Floren dan Albert masih pingsan, Chizuru mennggunakan skill sleep nya kepada mereka supaya mereka tidak terbangun. Setelah itu,


“Nah...siapa mau tanya...” Ujar Chizuru.


“Kamu kenapa bisa kesini Chi-chan ?” Tanya Hitoshi.

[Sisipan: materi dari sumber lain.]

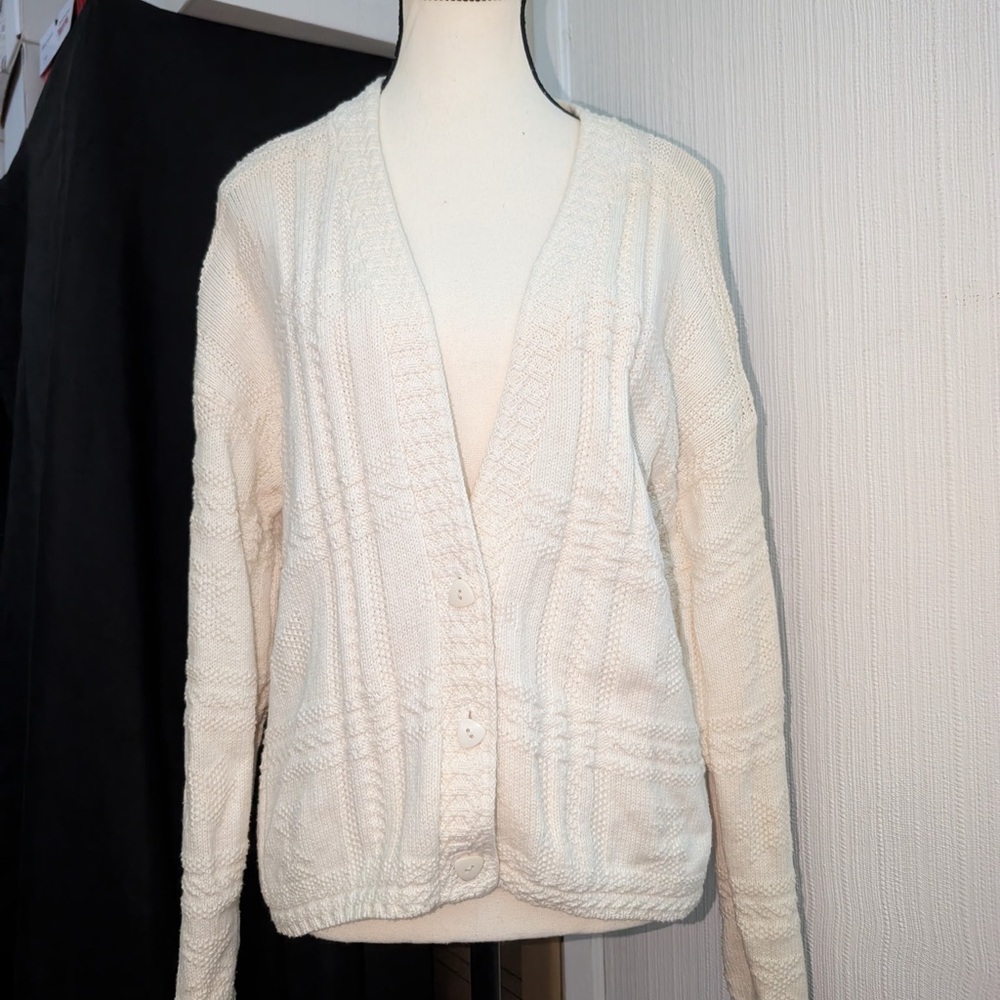 Chic Cream Women's Cardigan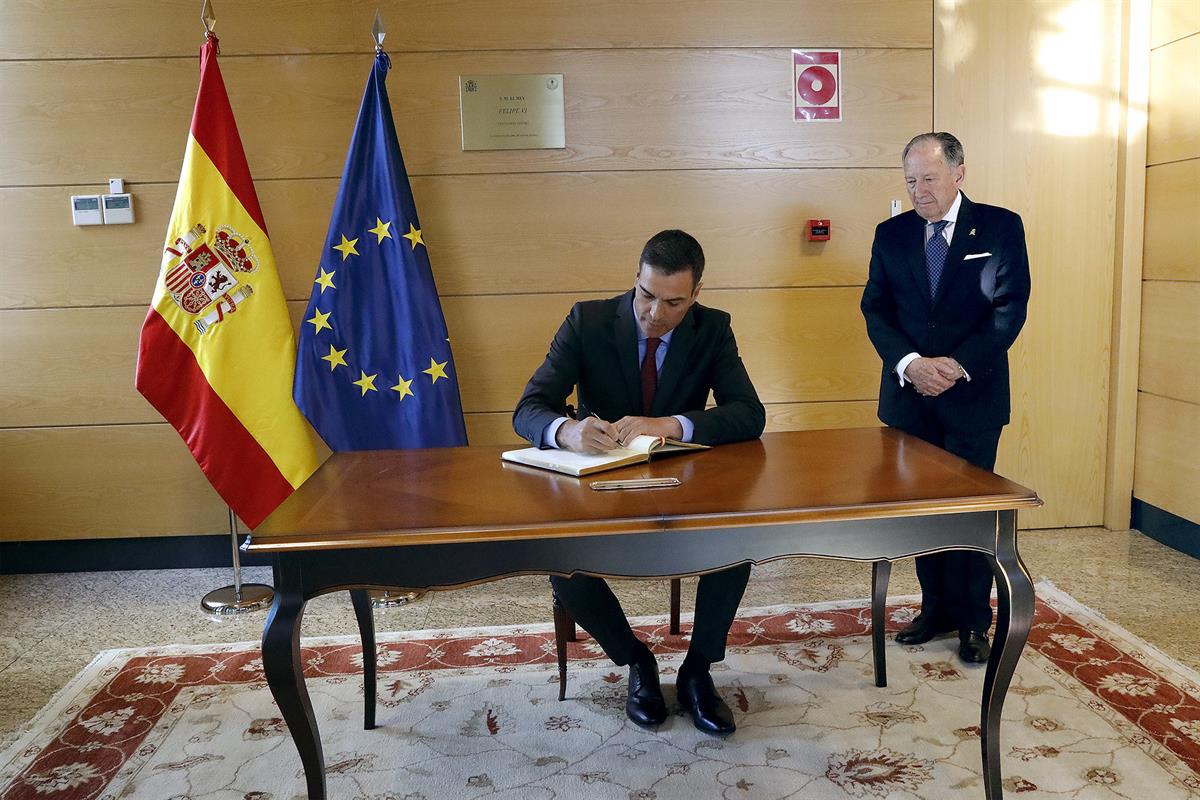 11/01/2019. Pedro Sánchez visita el Centro Nacional de Inteligencia. El presidente del Gobierno, Pedro Sánchez, durante su visita a las inst...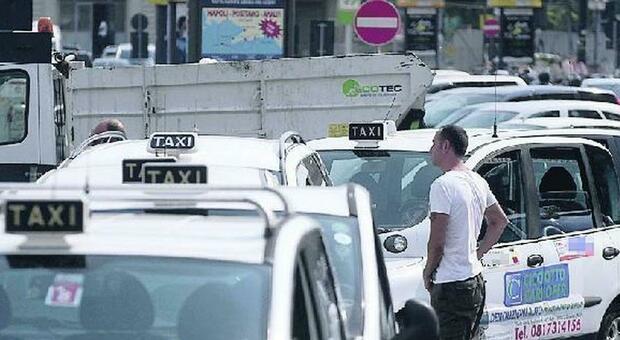 Napoli, controlli ai taxi: sanzioni per 5 conducenti, bloccato un abusivo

“Haaah pertanyaan ini lagi.....ya sudah, karena kamu penasaran aku jawab. Aku bunuh diri, loncat dari gedung dan jatuh tertusuk tiang.” Jawab Chizuru.


“Hah...alasannya apa ?” Tanya Hitoshi.


“Kamu mati...” Jawab Chizuru.


“Hah...gara gara aku ?” Tanya Hitoshi.


“Kamu sadar ga sih, selama ini kamu jalan sama aku, bukan Natsumi...” Teriak Chizuru.


“Um...tapi kan yang di kantor Natsumi....aku kalau janjian kan sama Natsumi.” Ujar Hitoshi.


“Haaah....memang di kantor kamu boleh pacaran ? tidak kan, kalau kencan di luar itu  aku...paham ? aku dan Natsumi bertukar peran, karena dia tahu kalau kamu sebenarnya suka sama aku dan aku juga mencintai kamu.” Ujar Chizuru.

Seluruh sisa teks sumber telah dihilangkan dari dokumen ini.